▶ **HOW TO COMPLETE THIS TASK**:
Find the line in the entries below that contains "Detached House for". Repeat it exactly, and every line after it through the line that contains "The main entrance".

▶ **SUPPLIED MATERIAL**:
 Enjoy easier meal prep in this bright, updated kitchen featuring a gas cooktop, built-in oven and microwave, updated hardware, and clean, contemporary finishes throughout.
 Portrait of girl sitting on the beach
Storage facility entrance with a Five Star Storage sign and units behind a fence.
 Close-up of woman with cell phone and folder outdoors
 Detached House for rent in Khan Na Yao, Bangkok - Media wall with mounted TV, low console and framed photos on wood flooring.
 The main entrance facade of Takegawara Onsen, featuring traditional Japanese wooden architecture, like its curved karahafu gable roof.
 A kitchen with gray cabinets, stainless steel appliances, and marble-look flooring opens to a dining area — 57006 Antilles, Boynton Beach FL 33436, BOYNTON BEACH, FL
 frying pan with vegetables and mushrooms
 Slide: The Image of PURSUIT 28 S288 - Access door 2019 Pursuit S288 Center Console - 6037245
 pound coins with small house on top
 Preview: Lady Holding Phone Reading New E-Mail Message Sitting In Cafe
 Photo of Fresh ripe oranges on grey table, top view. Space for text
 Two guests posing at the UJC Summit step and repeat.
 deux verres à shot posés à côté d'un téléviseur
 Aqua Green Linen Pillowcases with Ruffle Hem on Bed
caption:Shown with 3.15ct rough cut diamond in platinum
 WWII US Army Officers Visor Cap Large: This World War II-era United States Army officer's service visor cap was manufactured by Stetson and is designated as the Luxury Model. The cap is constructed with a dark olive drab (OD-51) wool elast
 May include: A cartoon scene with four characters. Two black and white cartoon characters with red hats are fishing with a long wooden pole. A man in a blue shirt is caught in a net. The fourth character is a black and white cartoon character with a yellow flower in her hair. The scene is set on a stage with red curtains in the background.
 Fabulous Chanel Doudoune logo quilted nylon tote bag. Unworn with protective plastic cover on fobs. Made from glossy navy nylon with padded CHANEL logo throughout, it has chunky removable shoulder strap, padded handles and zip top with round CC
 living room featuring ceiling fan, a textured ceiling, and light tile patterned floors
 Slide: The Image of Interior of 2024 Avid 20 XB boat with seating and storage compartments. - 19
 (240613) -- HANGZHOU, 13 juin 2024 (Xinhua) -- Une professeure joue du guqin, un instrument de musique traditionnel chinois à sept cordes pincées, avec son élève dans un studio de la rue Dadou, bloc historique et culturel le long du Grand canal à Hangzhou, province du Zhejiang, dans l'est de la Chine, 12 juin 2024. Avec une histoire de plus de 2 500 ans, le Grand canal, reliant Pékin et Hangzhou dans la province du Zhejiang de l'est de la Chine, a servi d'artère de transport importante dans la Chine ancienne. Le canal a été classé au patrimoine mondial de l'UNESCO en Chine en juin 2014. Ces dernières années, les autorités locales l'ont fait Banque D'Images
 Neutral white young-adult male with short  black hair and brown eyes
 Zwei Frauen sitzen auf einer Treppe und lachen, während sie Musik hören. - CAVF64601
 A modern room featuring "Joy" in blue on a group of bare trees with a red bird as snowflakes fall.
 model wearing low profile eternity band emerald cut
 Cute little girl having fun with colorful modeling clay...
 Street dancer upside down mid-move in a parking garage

▶ **EXERCISE ANSWER**:
 Detached House for rent in Khan Na Yao, Bangkok - Media wall with mounted TV, low console and framed photos on wood flooring.
 The main entrance facade of Takegawara Onsen, featuring traditional Japanese wooden architecture, like its curved karahafu gable roof.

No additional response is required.